I’ll begin with Chester Gap Cellars. We always looks forward to running into Bernd Jung in the tasting room at Chester Gap Cellars, and this time was no exception. In fact, Bernd conducted our tasting; of course, he began with the white wines. Viognier is a specialty at Chester Gap, and Bernd produces both a stainless steel and barrel-aged version. Paul preferred the crisp 2008 Viognier with its floral nose and fruity flavors; however, I always tend to prefer barrel-aged over stainless steel. These always seem more substantial to me, and Bernd treated us to a comparison of the 2007 Viognier Reserve and the 2008 Viognier Reserve. Both were very good, but I kept reaching for the 2007 vintage. It presented a nice integration of floral aromas, stone fruit elements and oak nuances. However, the 2008 vintage was equally nice with citrus notes and a honeyed texture. With spring in the air and summer not so far away, do try the slightly sweet 2009 Cuvee Manseng and its heady tropical fruit characteristics.
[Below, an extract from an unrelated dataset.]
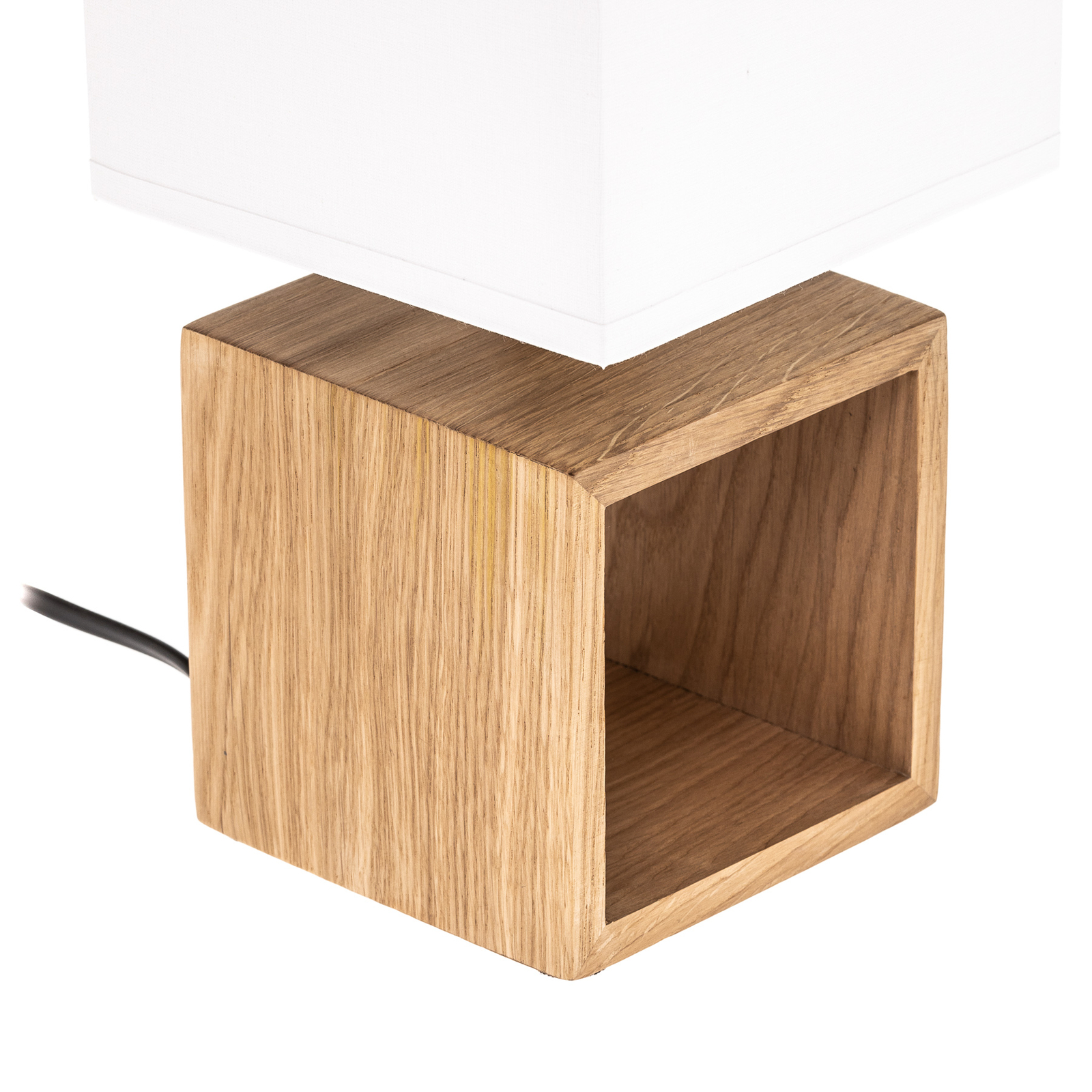 Monas table lamp, oiled oak, white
Of the red wines, we both enjoyed the fruit forward 2008 Pettit Verdot with its dark berry and tobacco/earthy characteristics. Enjoy with roasted meats, leg of lamb or on its own with strong cheeses! We enjoyed a glass after our tasting—sans food.
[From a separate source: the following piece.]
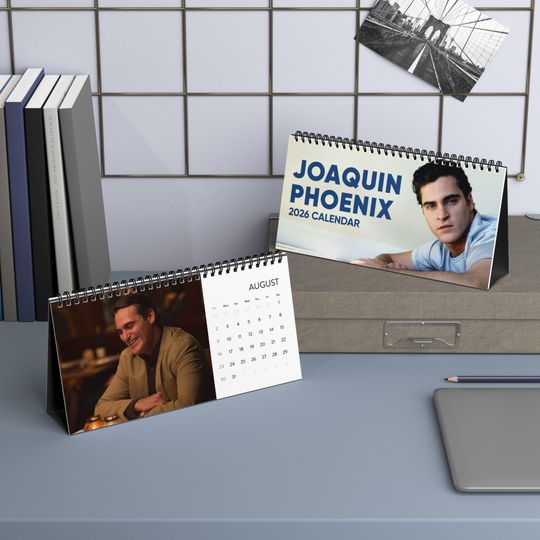 Discover Joaquin Phoenix Desktop Calendar (2026 grid), 2026 Desktop Calendar with Joaquin Phoenix, Celebrity Calendar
We were eager to make our return to Hume Vineyards since several months had passed since our first visit. We recalled an unfinished tasting room but quality wines on the racks. This time around, we witnessed a finished facility and a crowded tasting bar; therefore, lots of things are going right at Hume Vineyards. Owner and winemaker Stephane Baldi guide us through a tasting of wines, and we were very pleased with the newly released 2010 Seyval Blanc. Crisp with a refreshing minerality, it presented notes of pear, melon and hay. Crabcakes should be served with this one! Of the reds, I was still a fan of the 2008 Detour which seems to be opening up quite nicely. Dark fruit and earthy elements prevailed here, and decanting would still be advised for those who wish to pour this one now. Chambourcin fans may be pleased with the 2010 Chambourcin, another new release at Hume Vineyards. The tasting notes suggest that this one is bold, and I will not argue with it! Big and jammy with 15.1% alcohol, it makes for an assertive wine. This was the first 2010 bottled red that we sampled, and when winemakers claim that 2010 may be the year for Virginia to rival California for big reds, this may be proof positive. Serve with big steaks and baked potatoes loaded with cheese and bacon—and then plan to hit the gym for about a week!
With spring already here and summer not so far away, think about picnic and barbeque fare with your favorite Virginia wines. Out of Virginia wine? Plan a trip to Cheaster Gap Cellars and Hume Vineyards to replenish your wine racks, and mention that Virginia Wine Time sent you.